The reporting documents a troubling pattern: courts prioritizing shared custody and “agreed orders” even as clear red flags—credible threats, documented mental instability, prior injunctions, and repeated pleas for help—go unheeded. In several cases, those failures preceded unimaginable tragedies involving children and families.
Three Cases That Exposed Systemic Cracks
The Mary Gingles Triple Homicide (2025)
In February 2025, Mary Gingles, her father David Posner, and neighbor Andrew Ferrin were fatally shot in Tamarac.
Mary had repeatedly warned authorities that her estranged husband, Nathan Gingles, was stalking her, threatening her life, breaking into her home, and tracking her movements. A domestic violence injunction was in place. Firearm surrender was ordered—twice.
Yet enforcement relied largely on self-reporting. Gingles retained access to weapons and now faces multiple first-degree murder charges, with prosecutors seeking the death penalty. An internal investigation by the Broward Sheriff’s Office concluded there were “failures on so many levels,” resulting in widespread discipline of deputies.
The Greyson Kessler Murder-Suicide (2021)
Four-year-old Greyson Kessler was killed by his father, John Micheal Stacey, amid a bitter custody dispute. Greyson’s mother, Ali Kessler, had warned of escalating threats and harassment but was pressured into a 50/50 time-sharing arrangement.
That case directly inspired Greyson’s Law, enacted in 2023 to require courts to consider credible threats and imminent danger—even without a criminal conviction—when determining custody.
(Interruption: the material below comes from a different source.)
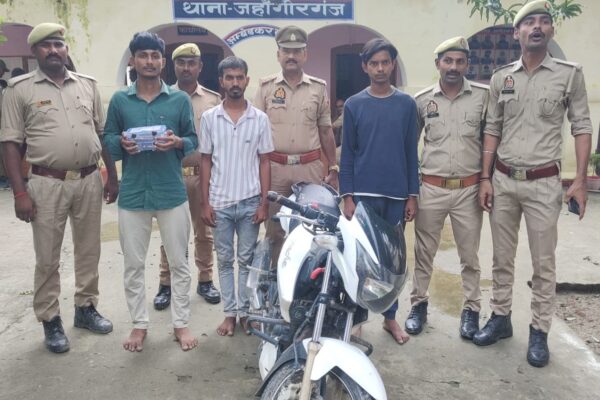 अवैध असलहा, चोरी की बाइक व मोबाइल संग तीन शातिर अपराधी दबोचे गए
The Melody Duran Case (2024)
In Pembroke Pines, two-year-old Melody Duran was killed during an unsupervised visit with her father, Jeronimo Duran, despite repeated warnings from her mother about his severe mental health instability and multiple involuntary commitments under Florida’s Baker Act. A domestic violence injunction was dismissed in favor of an “agreed order.”
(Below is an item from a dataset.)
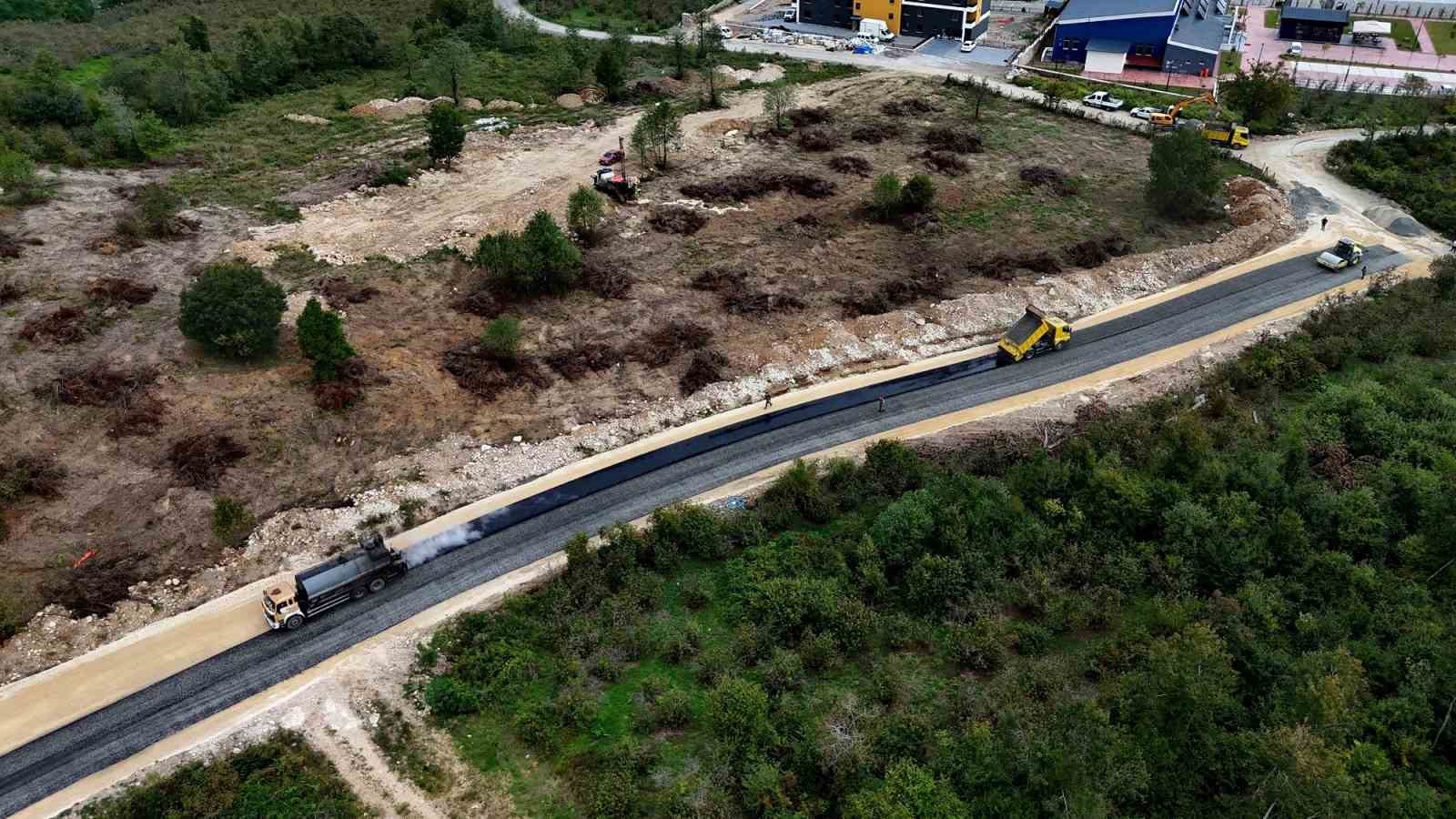 Ordu’da sıcak asfalt çalışmaları sürüyor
Patterns Advocates Say Are Impossible to Ignore
Advocacy groups such as Families Against Court Travesties argue these cases are not isolated. They describe recurring problems in Florida family courts:
- Pressure on victims to drop injunctions in exchange for “amicable” custody agreements
- High litigation costs that advantage wealthier parties and force others to proceed pro se
- “Litigation abuse” through endless motions and delays
- Inconsistent application of Greyson’s Law due to limited judicial training
- Broad judicial discretion under the “best interests of the child” standard, allowing personal bias
These advocates warn that when courts default to shared parenting without fully addressing safety risks, they may unintentionally enable escalation.
A Center-Right Perspective: Safety and Due Process
From a center-right standpoint, the issue is not whether domestic violence should be taken seriously—it must be—but how reforms are implemented.
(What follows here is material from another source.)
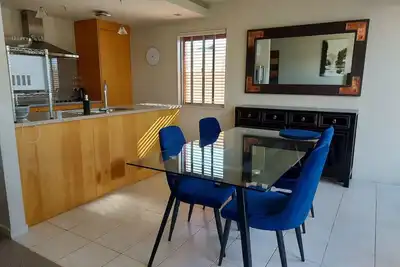 Image de Central, Stylish Apartment – Walk to Lake, Shops & Cafes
Many conservatives and fathers’ rights advocates support firm protection for genuinely endangered parents and children, while also emphasizing:
- Due process for accused parents, ensuring restrictions are evidence-based
- Guardrails against false or exaggerated allegations being used as leverage in custody disputes
- Balanced application of Greyson’s Law, distinguishing real danger from high-conflict but non-violent cases
- Preservation of shared parenting as a default when both parents are fit and no credible safety risk exists
The fear is that reforms driven solely by worst-case tragedies, without safeguards, may swing the pendulum toward “guilty until proven innocent,” harming non-abusive parents and children alike.
Legislative Response: Closing the Gun Enforcement Gap
In direct response to the Gingles case, Florida lawmakers have introduced companion bills for the 2026 session:
- HB 729
- SB 858
Sponsored by Robin Bartleman and Tina Polsky, the bills would require active law-enforcement seizure of firearms under domestic violence injunctions—mirroring Florida’s red-flag laws—rather than relying on voluntary surrender.
For many across the political spectrum, this proposal represents a narrowly tailored reform: addressing a proven enforcement failure without altering custody standards wholesale.
A System at a Crossroads
The WLRN investigation underscores a hard truth: family court decisions can carry irreversible consequences. The challenge facing Florida lawmakers, judges, and advocates is finding a path that protects children and vulnerable parents without sacrificing fairness, evidence, and parental equality.
As the 2026 legislative session approaches, these cases will likely shape a broader debate—not just about guns or custody formulas, but about whether Florida’s family courts can balance compassion, caution, and constitutional rights before the next warning goes unheeded.